**Dataset extract:**
=== Section Start ===

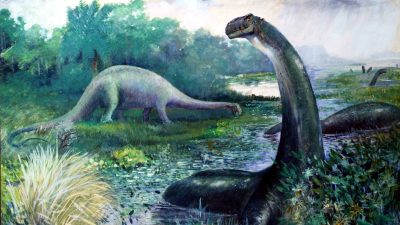 66 ila 70 milyon yıl evvel yaşamış Telmatosaurus transsylvanicus çeşidi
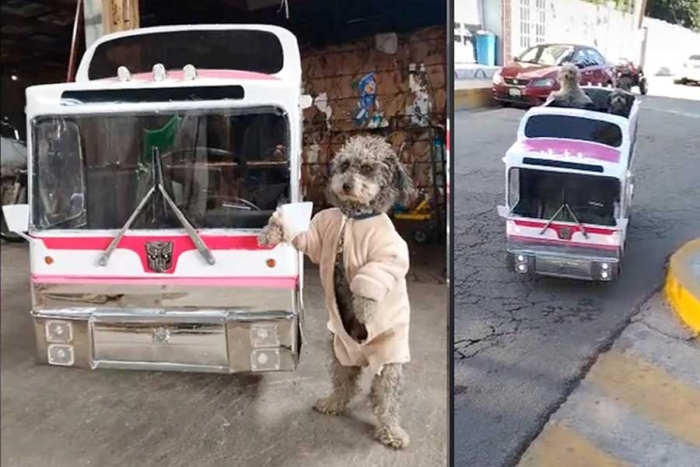 ¡ingenio mexiquense! Tiktoker crea un “Perrobús” para pasear a sus mascotas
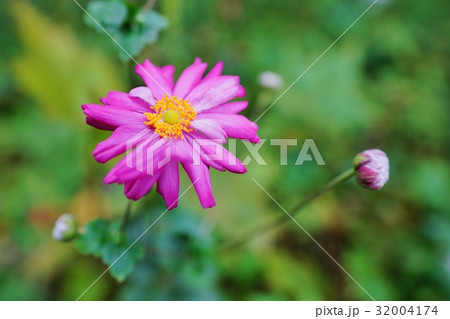 ピンクのシュウメイギク 32004174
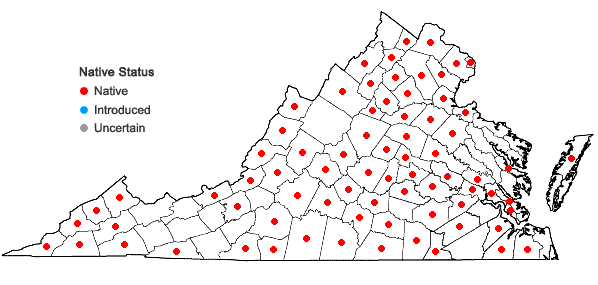 Locations ofLactuca floridana (L.) Gaertn. in Virginia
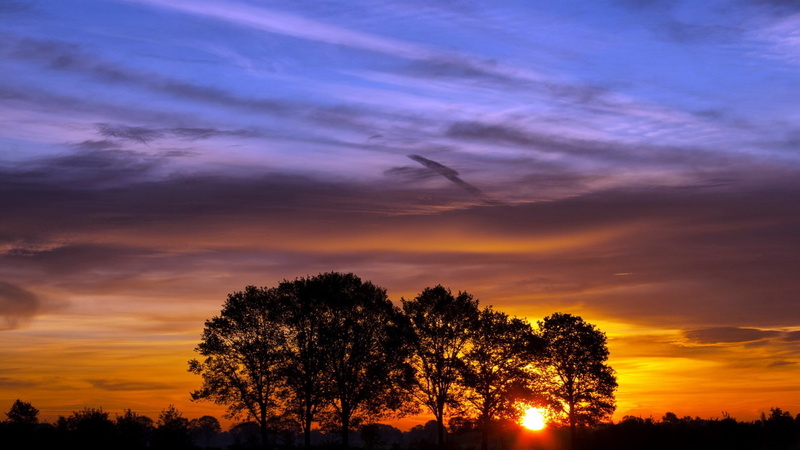 widescreen high resolution nature hd 1920x1080, cloud - sky, 1080P, dusk, beauty in nature, environment, tree, outdoors, growth, low angle view, romantic sky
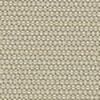 Beige grigiastro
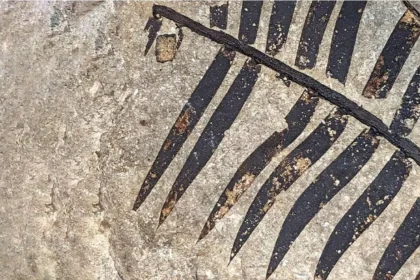 Laboratorio de Investigaciones Antropológica celebra 50 años de Paleoetnobotánica y Paleoambiente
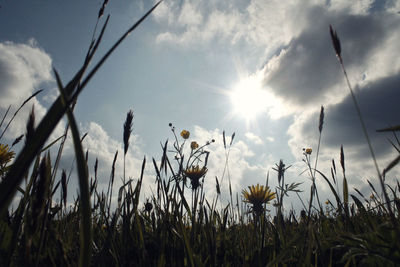 Close-up of flowers on field against sky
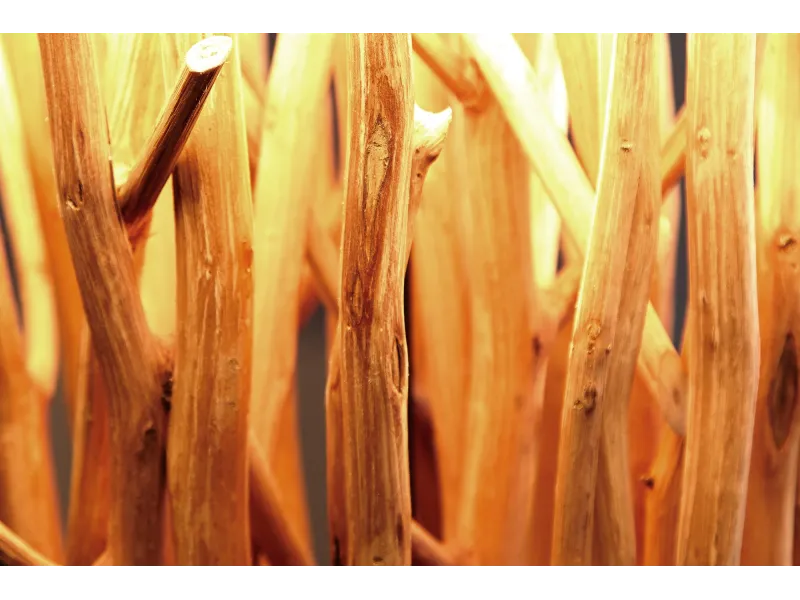 Lampadaire design 175 cm en bois flotté coloris blanc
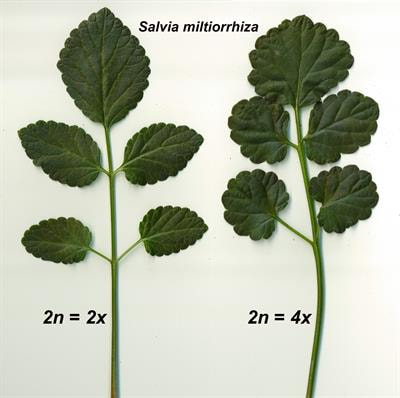 Cover image for research topic "Artificial Polyploidy in Plants"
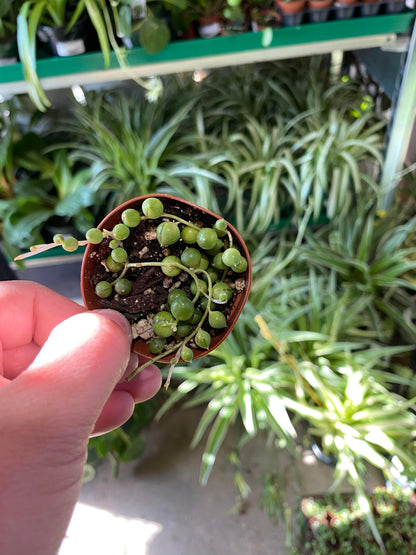 Senecio-Rowleyanus (String of Pearls)-2 inch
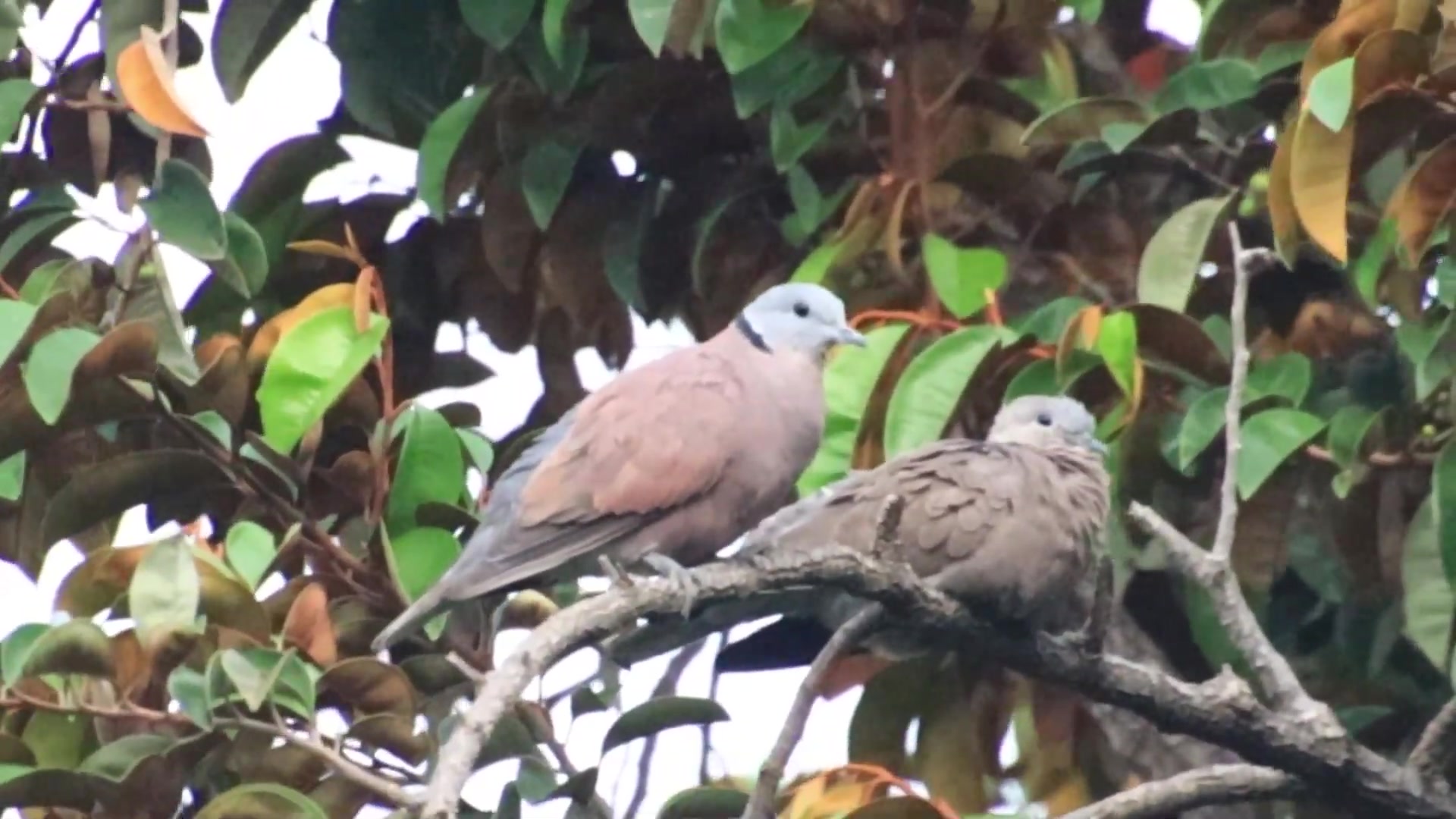 'Video thumbnail for Top Wild of mother dove with baby'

=== Section End ===

**Task requirements:** Beginning at the line with "Laboratorio de Investigaciones", reproduce each line exactly through the last line of the records above, with pictures left out.

**Response area:**
 Laboratorio de Investigaciones Antropológica celebra 50 años de Paleoetnobotánica y Paleoambiente
 Close-up of flowers on field against sky
 Lampadaire design 175 cm en bois flotté coloris blanc
 Cover image for research topic "Artificial Polyploidy in Plants"
 Senecio-Rowleyanus (String of Pearls)-2 inch
 'Video thumbnail for Top Wild of mother dove with baby'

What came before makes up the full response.